Let's see, what can I say? I would guess -- I don't have those numbers specifically so this is an estimate. If you want the actual number, you can call us back later and we'll do the math. But I would guess it's about 10% going into clinical markets, and we have a couple of very rapidly growing customers who have fully commercial tests in the market that now have a large install base of HiSeqs. If you look across the T21 testing market, there's 5 companies all using our platform. A number of these are commercially running tests every day now. So it's growing quite quickly and I'd say at a much faster rate than the research consumables are growing but I'm not sure we've actually calculated it in that sort of segment.

Got it. So would you say half that 10% is attributed to some of those prenatal companies?

Yes. I don't think we'd give a specific number on that, and I don't know what the number is so -- but all I can say that, that segment is starting to grow. I mean, the orders are clearly coming in there, and those companies are ramping.

Great. And just to clarify, the kind of lab question, Jay. So the breakdown of current MiSeq orders is, there's an overrepresentation of nonacademic accounts, is that fair?

That's right. Yes.

Our next question comes from Paul Knight with BLSA (sic) [CLSA]. Paul R. Knight - Credit Agricole Securities (USA) Inc., Research Division: Could you talk about your international exposure and when would we expect that tax rate to finally drop?

International exposure with respect to overall orders or were you thinking about with respect to the tax rate? Paul R. Knight - Credit Agricole Securities (USA) Inc., Research Division: Well, Jay, as PEAR as they have grown their Asian operations, for example, tax rates have drop, would you expect that?

Yes, we would. So Asia has been particularly strong for us over the past few quarters. Europe has been okay. Americas over the last 2 quarters at least is growing pretty nicely. So on a relative revenue basis, I'd say at least in Q2, the Americas was a higher proportion of the revenue. But certainly, as that mix shifts toward Asia, or if it shifts toward Asia, we would have an improved tax rate. Marc, you want to talk about sort of our expectation on how it will reduce over time?

Yes, Paul, I mean, we've -- as you've pointed out, we've been growing our operations in Asia and Singapore in particular. We've been moving manufacturing there at a reasonable rate and particularly are focused around our consumable manufacturing. And so that's helping us to improve our tax structure but we're going to continue down that path. We're looking at not only that but as obviously every other, in fact, opportunity that we might have, and -- but that's absolutely one of the levers we can pull and we'll continue to pull it in the future. I wouldn't want to try and give any guidance around what the tax rate might look like but I would expect to decline going forward. Paul R. Knight - Credit Agricole Securities (USA) Inc., Research Division: Yes, is this going to help your margin expansion? Or is it just implied?

I think, yes. I mean, a little bit, yes. Yes, I think it should.

And ladies and gentlemen, that does conclude the time that we have available for questions. I'd like to turn the call back over to the management for any closing remarks.

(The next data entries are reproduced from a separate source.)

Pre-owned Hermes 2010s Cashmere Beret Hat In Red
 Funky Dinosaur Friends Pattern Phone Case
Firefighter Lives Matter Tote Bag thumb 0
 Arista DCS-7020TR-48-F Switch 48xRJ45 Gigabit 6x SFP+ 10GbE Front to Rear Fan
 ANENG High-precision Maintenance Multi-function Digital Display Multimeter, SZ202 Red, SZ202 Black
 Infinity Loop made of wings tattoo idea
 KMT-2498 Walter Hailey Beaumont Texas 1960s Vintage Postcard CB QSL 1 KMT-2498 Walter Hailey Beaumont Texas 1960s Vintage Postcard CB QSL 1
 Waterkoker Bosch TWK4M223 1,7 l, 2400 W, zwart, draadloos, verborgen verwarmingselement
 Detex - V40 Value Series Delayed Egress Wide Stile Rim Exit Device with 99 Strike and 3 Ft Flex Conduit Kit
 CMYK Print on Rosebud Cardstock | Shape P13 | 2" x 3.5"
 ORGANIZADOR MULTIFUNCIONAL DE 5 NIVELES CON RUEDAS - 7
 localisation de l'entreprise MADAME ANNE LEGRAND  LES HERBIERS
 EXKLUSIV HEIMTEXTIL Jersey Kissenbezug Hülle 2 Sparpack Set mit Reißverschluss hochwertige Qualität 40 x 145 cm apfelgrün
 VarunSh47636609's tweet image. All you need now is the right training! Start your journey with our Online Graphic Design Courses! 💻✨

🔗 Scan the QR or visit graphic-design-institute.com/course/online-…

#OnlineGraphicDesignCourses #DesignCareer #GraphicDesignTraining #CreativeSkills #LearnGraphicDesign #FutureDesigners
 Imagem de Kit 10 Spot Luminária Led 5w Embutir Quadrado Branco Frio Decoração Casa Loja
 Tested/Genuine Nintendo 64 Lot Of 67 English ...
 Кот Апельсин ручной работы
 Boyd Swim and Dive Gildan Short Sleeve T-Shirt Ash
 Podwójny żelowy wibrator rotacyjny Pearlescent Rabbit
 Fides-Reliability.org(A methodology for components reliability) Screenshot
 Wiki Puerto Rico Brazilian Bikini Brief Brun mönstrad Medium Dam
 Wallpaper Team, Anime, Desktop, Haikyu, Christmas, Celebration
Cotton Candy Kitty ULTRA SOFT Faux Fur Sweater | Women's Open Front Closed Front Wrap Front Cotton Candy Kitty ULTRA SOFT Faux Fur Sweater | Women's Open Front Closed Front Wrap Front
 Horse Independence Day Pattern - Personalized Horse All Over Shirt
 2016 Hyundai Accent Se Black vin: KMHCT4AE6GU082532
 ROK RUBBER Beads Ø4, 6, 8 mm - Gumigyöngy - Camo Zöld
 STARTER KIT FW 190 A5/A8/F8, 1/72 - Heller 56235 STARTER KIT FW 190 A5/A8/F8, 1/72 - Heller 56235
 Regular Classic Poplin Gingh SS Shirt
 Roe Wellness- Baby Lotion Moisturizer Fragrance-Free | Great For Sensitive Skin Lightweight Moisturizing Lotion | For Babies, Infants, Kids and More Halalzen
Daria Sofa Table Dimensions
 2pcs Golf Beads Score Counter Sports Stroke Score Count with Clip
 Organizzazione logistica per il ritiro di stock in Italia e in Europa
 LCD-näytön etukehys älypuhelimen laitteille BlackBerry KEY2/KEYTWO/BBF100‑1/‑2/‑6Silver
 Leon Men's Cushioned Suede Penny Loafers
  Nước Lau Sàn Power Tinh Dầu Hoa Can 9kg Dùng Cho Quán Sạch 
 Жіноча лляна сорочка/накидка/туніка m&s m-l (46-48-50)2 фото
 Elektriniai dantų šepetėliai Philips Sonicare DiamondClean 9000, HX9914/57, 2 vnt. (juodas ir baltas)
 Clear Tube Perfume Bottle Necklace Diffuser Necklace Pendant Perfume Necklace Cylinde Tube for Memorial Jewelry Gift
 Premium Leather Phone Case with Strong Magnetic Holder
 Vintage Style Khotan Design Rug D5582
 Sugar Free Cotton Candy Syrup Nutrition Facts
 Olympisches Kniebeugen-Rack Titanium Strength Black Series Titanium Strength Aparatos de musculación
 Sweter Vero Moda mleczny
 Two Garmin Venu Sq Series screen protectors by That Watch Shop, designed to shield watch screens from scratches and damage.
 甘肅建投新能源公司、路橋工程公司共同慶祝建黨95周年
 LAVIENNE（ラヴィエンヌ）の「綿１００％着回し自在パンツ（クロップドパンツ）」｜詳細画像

Thank you. As a reminder, a replay of this call will be available as a webcast in the Investor section of our website, as well as through the dial-in instructions contained in today's earnings release. Thank you for joining us today. This concludes our call, and we look forward to our next update in October following the close of the third quarter. Thank you.

Ladies and gentlemen, thank you for your participation in today's conference. That does conclude the presentation. You may disconnect. Have a wonderful day.